Updated: Aug 11,2017 10:16 AM

China’s quantum communications satellite, also the first one in the world, has successfully achieved three preset scientific goals ahead of time since its launch in August 2016, announced Chinese Academy of Sciences at a news conference.

With a mission named “Quantum Experiments at Space Scale” (QUESS), the satellite blasted off from the Jiuquan Satellite Launch Center in the Gobi Desert aboard a Long March 2D rocket.

The satellite is called “Mozi” in Chinese, or “Micius,” after the ancient Chinese philosopher and scientist, credited as the first person to conduct optical experiments.

The mission, initially planned to operate for two years, is completed within only one year, said Pan Jianwei, who led the research team and is an academician with the Chinese Academy of Sciences pioneering in quantum space. The results were published on the journal Nature on Aug 10.

What is quantum in simple language?

Quantum satellite is designed to establish “hack-proof” communications between parties by transmitting un-crackable keys from space to ground stations.

The first goal was accomplished in June this year when Micius sent photons, the basic quantum particles that make up light, to two ground stations that were separated by 1,200 kilometers, beating the previous record of 144 kilometers. The result was published on the journal Science.

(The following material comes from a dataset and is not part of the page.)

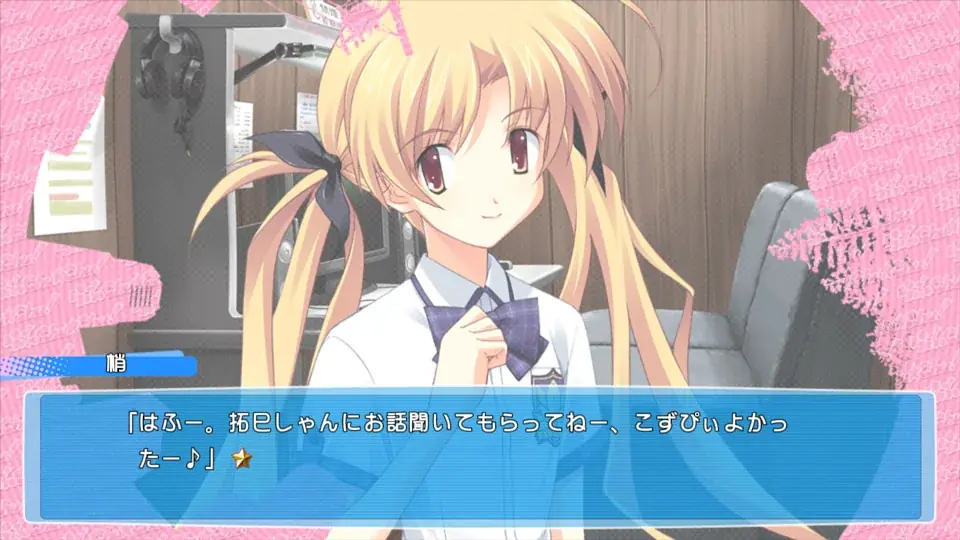 妄想爆裂アドベンチャー『CHAOS;HEAD / CHAOS;CHILD らぶChu☆Chu！ DOUBLE PACK』11月27日発売決定！　主題歌フルコーラスの“公式MAD動画”緊急公開!! 画像 17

This pioneering experiment intends to test if the spooky property of quantum entanglement can operate at long distances by sending entangled pair of photons between receivers in Delingha and Lijiang, which, if succeeded, could have huge implications for cryptography.

Following its first experiment, Micius also achieved a task in quantum key distribution, the exchange of cryptographic keys between two parties also via entangled photons, sent by the orbiting satellite.

The operators of the system, upon receiving the photons, would then measure them and decide an encryption key, which makes the communication between them inherently secure, because any attempt to eavesdrop would cause the quantum state of the photons to collapse.

The third task of QUESS is quantum teleportation, which is meant to test the fundamental laws of quantum mechanics at a space scale. This involves using entangled photons alongside information transmitted by more conventional means to reconstruct the quantum state in a new location.

Specifically, researchers created a pair of entangled photons, one of which was left on the ground while the other being sent to the satellite. A third photon will also be prepared to engage in new entanglement with the one on the ground.

According to quantum theory, when two photons become entangled, or a pair, on the ground, the one in space will no longer be entangled to the one on the ground, and will display properties of the second photon on the ground. This means that photon is being “transported” to space.

China plans to use its quantum satellite system to cover the planet by 2030.